Trial of Costa Concordia captain to begin in Italy

The captain of the cruise ship Costa Concordia is due to go on trial in Italy today, some 18 months after the luxury liner ran aground with the loss of 32 lives.

Trial of Costa Concordia captain to begin in Italy

The captain of the cruise ship Costa Concordia is due to go on trial in Italy today, some 18 months after the luxury liner ran aground with the loss of 32 lives.

But the hearing in Grosseto, in a theatre rather than the Tuscan town’s small courthouse to make room for all the survivors, relatives and lawyers, is expected to be immediately postponed because of an eight-day nationwide strike by Italian lawyers.

Captain Francesco Schettino could face up to 20 years in prison if he is convicted of manslaughter, causing a shipwreck and abandoning the Concordia before all of the 4,200 passengers and crew were safely evacuated.

The wreck of the ship lies on its side and half-submerged off the tiny Tuscan island of Giglio, blighting the seascape for another summer in an otherwise pristine part of the Mediterranean, a daily reminder of the slow progress Italian authorities have made handling the aftermath of the disaster.

The remains of two of the 32 dead have yet to be found. The timetable to salvage it has stretched on. Only now is anyone facing trial for the catastrophe - and even that process is expected to be immediately delayed.
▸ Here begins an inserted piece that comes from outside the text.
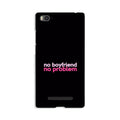No Boyfriend No problem Case for Redmi 4A  (Design - 138)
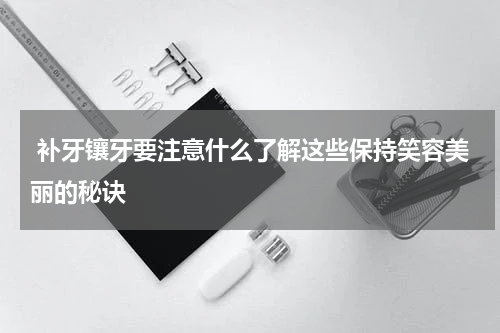  补牙镶牙要注意什么了解这些保持笑容美丽的秘诀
Though court-appointed experts concluded that the crew and owner Costa Crociere SpA, a unit of Miami-based Carnival Corp, committed blunders and safety breaches which contributed to the tragedy off the island’s rocky coast, only Captain Schettino has been ordered to stand trial.

Prosecutors contend that on the night of January 13 2012, he steered the ship too close to the island’s coastline in a publicity stunt for Costa Crociere and accidentally rammed the jagged reef. The cruise company denies that scenario.

Survivors described a chaotic and delayed evacuation, with crew allegedly playing down the seriousness of the collision, which caused a 230ft (70m) gash in the Concordia’s side and let seawater rush into the ship.

Schettino has protested his innocence. He insists that his skilful steering of the liner to just outside the port saved thousands of lives. He also contends that the ship’s navigational charts did not indicate that the reef was in its path as it cruised near the island on part of a week-long Mediterranean tour.

A recording of a phone conversation between Schettino and an exasperated Italian coastguard official who repeatedly ordered the captain in vain to scramble back on board the ship to direct the evacuation was played again and again in broadcasts around the world.

In interviews, Schettino insisted he is no coward. He claimed he had to leave the capsizing liner before it was impossible to launch any more lifeboats and that in the darkness he did no see a ladder he could have used to climb back on board.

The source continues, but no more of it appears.